Start of Data to use

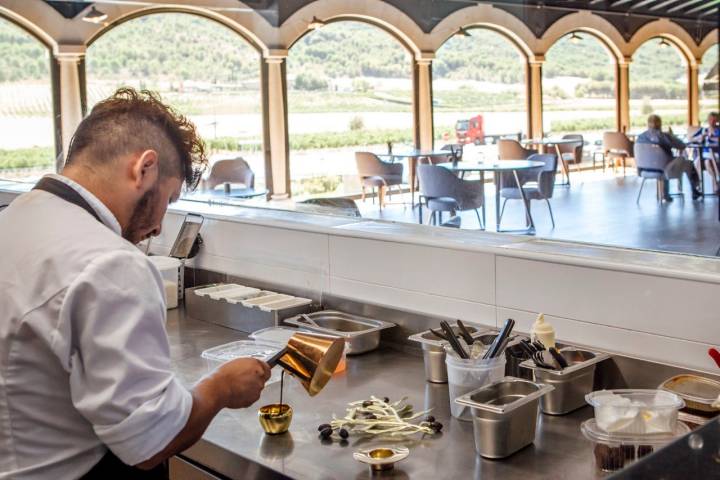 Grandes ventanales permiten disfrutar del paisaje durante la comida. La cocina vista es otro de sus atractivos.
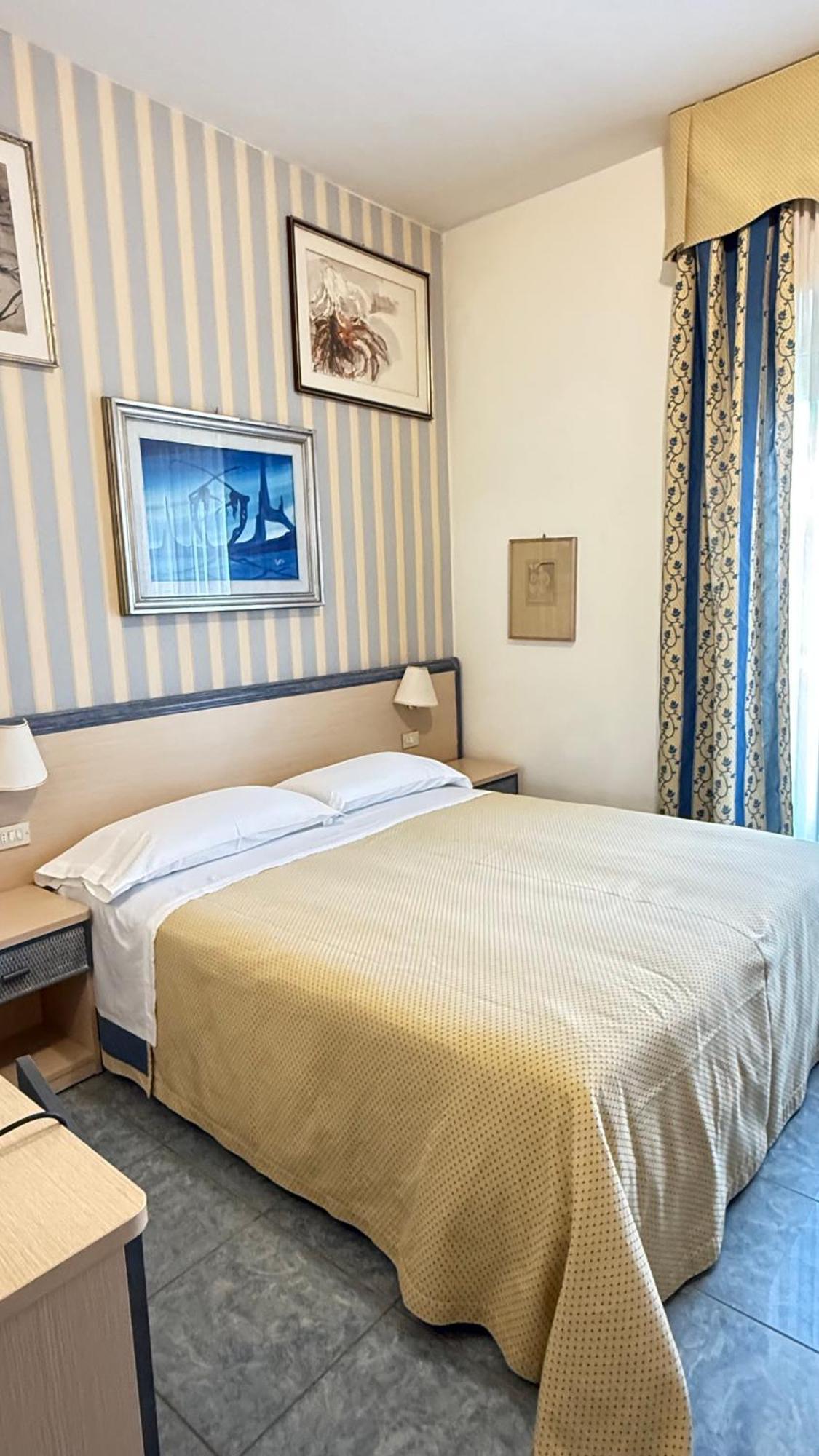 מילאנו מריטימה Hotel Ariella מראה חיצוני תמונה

End of Data to use
Start of Data to use

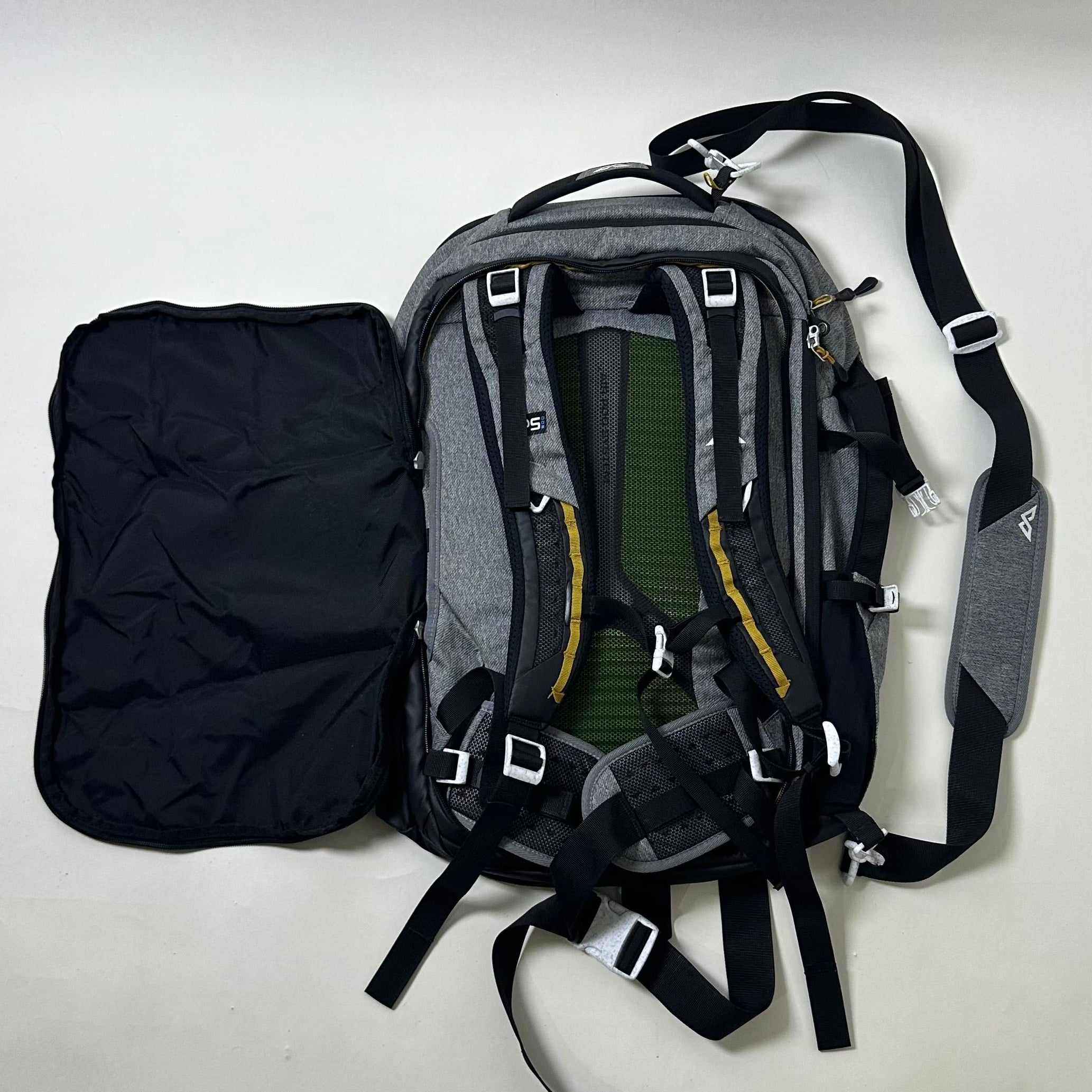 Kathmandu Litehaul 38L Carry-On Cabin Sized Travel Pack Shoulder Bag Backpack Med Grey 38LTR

End of Data to use

**What is needed**
Start at the line above containing "Grandes ventanales permiten" and stop at the line containing "מילאנו מריטימה Hotel": print those lines and everything between them exactly, but not the pictures.

**Answer box**
 Grandes ventanales permiten disfrutar del paisaje durante la comida. La cocina vista es otro de sus atractivos.
 מילאנו מריטימה Hotel Ariella מראה חיצוני תמונה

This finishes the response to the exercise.